Information gathered by the new RFID readers will tell where products are in the store, where they came from, how many have been sold, and when it's time to re-order. From this information, data bases can assemble read-outs on customers' buying habits.

Roughly $20 million in grants from Kraft Foods, the Wal-Mart store chain, and other big companies funded RFID research. It has spawned a whole new worldwide industry developing microchips, readers, and software.

A company called EPC Global obtained patent rights to commercialize the radio-frequency ID technology. EPC Global's Jack Grasso says one of the first applications will be to fight product counterfeiting.

"It's a $500 billion global problem, counterfeit products of all kind, including counterfeit drugs, which in some countries is as much as 35 percent of their total drug supply," he said. "EPC [electronic product codes] can help reduce that."

A company in Maine called Chipco is about to market RFID, enabled poker chips. Chipco president John Kendall says casinos want to catch counterfeiters, too. But they will also use RFID to track players' habits.

"The casino wants to know how much the player bets when he puts the chips down on the table," said John Kendall. "And so we have readers which can read the stack of chips.

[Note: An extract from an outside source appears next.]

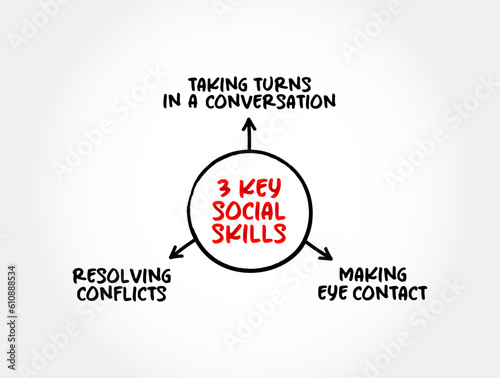 3 Key Social Skills and How to Encourage Them mind map text concept for presentations and reports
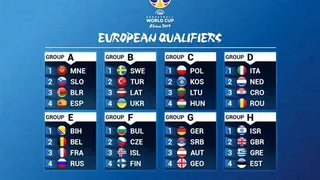Definido el camino hacia el Mundial de 2019: grupos, ventanas FIBA y calendario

If you have a player that's at a minimum-bet table, and he's been betting $5 for the past 20 minutes, but all of a sudden he starts betting $500, the casino would want to be alerted to that to see if the individual is in fact a card counter."

RFID readers will help the casino identify big losers, who are its favorite customers. Then they can ply them with free meals and shows so they'll stick around and keep gambling.

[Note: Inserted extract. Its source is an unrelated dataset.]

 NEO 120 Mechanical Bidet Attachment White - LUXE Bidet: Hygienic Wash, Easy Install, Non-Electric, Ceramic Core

This kind of tracking is a perfect example of what critics like Harvard University graduate student Katherine Albrecht consider to be a dangerous invasion of privacy.

Ms. Albrecht founded a group called CASPIAN, Consumers Against Supermarket Privacy Invasion and Numbering.

"What's really changed now is a trend within the retail industry to link individuals to purchases," she said. "Who, exactly, is buying what products? Every physical object manufactured on Planet Earth will have its own, unique number. Literally everything you purchased, if you provided your identity at the point of sale, would be linked to you in a data base."

Imagine, says Katherine Albrecht, that an RFID tag is impressed into the sole of your shoe.

"You're walking around an environment that is filled with reader devices that are picking up that unique number everywhere you go," she said. "Given the ubiquitous reader network that's been discussed, it would make it possible for your whereabouts and your comings and goings to be logged in various computers."

RFID-type chips are already implanted in cattle and pets, to help track lost animals. And some human law enforcement officers, including the attorney general of Mexico, have implanted microchips under their skin so they can be located at all times. This has prompted some observers to wonder what a rogue government would do with tracking devices if most of its population were embedded with microchips.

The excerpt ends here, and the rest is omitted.